Wikileaks Afghanistan Data

July 29, 2010 by Drew Conway

By now, you have most certainly have read about the publication of a massive (72,000+) number of classified documents related to coalition operation in Afghanistan by the whistleblowers group Wikileaks. The data are available in several formats at the Wikileaks dedicated site.

Before proceeding, I want to point out that given the nature by which this information was obtained and subsequently disseminated I am unclear as to the legal protections provided to those in possession of the data (i.e., retaining copies on their hard drives), or performing analysis (i.e., citing data in research). As such, I am not recommending or condoning anyone download the data until these questions are explicitly addressed.

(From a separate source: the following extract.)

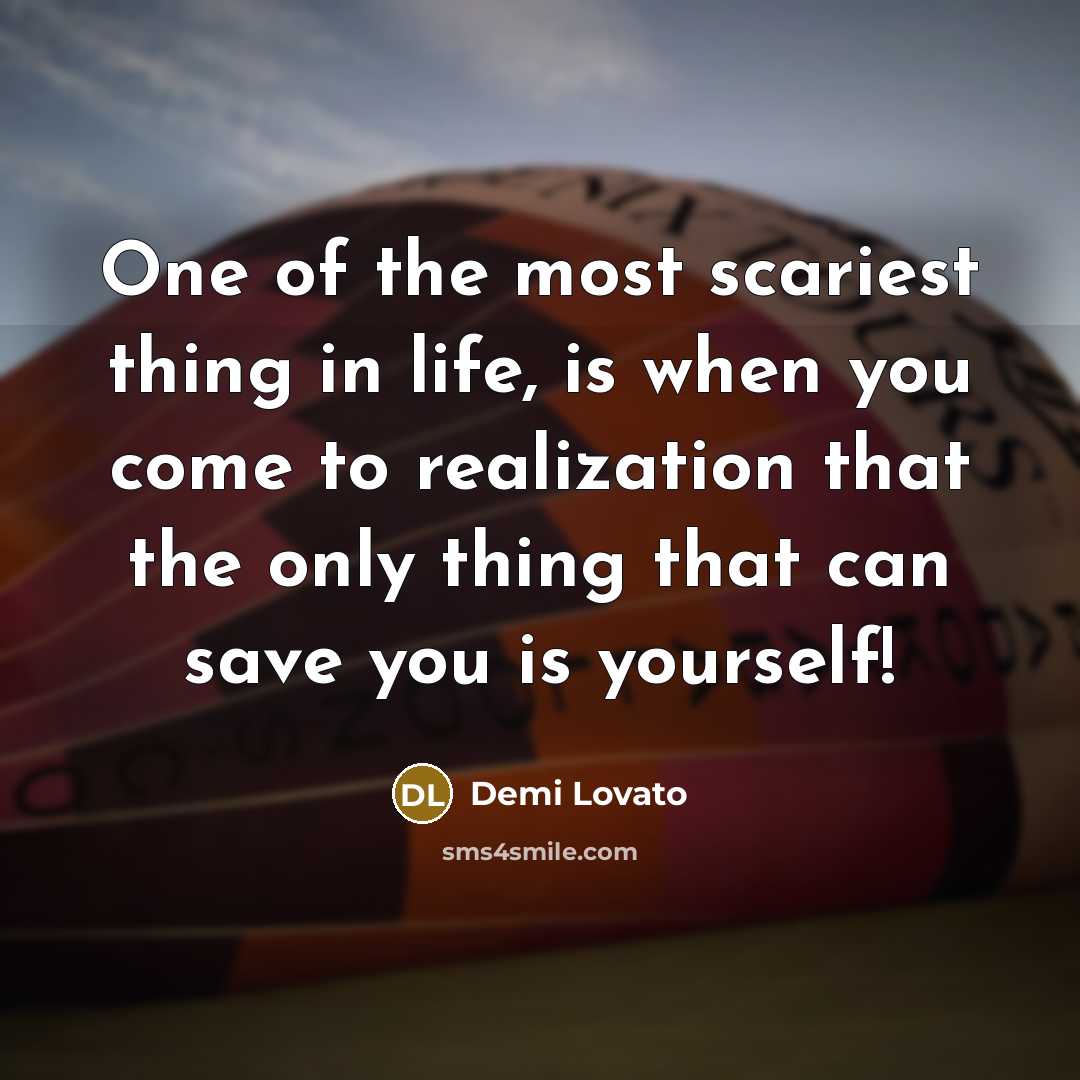 “One of the most scariest thing in life, is when…” quote by Demi Lovato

I, however, have downloaded the data and begun examining it at a high-level. I believe such an examination is critical for two reasons: first, this is the first time in history that the public has been given such a granular view of the day-to-day operation of contemporary warfare. With the proper analytical tools, this data may reveal insights to the predicates of conflict in ways that previous aggregate-level data could not. Second, because the data may have gone through some degree of filtering/selection by Wikileaks, an intricate analysis of the data may provide insight into the nature of that selection and the process by which this selection occurred.

After the jump is an initial overall descriptive visualization of the data as it was provided by Wikileaks, with some brief interpretations. Over the next several days and weeks, I hope to examine the data in more detail and periodically present the results.

The above graph displays the volume of reports over the six year period covered by the data set, broken down by the reporting region, e.g, RC SOUTH, RC EAST, etc.; and the target of attack noted in the incident report, e.g., ENEMY, FRIENDLY, etc.

My motivation in creating this chart was to do a very quick assessment of the trends in the data. Given the nature of the reports, we would expect a noticeable degree of seasonality (peaks and valleys) given the natural ebb and flow of war. Any drastic deviations from this expectation could indicate a strong degree of selection on the part of Wikileaks. As you can see, however, the data generally do fit this expectation. Note the dramatic upward trending seasonality present in the heavy reporting areas of RC EAST and RC SOUTH. Perhaps more interestingly, though, is the sudden increase in the number of NEUTRAL reports present in the data for RC EAST and RC CAPITAL for the period roughly between mid-2006 and mid-2008.

Perhaps a more detailed reading of the reports from those areas at that time would reveal information about the nature of the fighting at that time, or the selection process present in the data.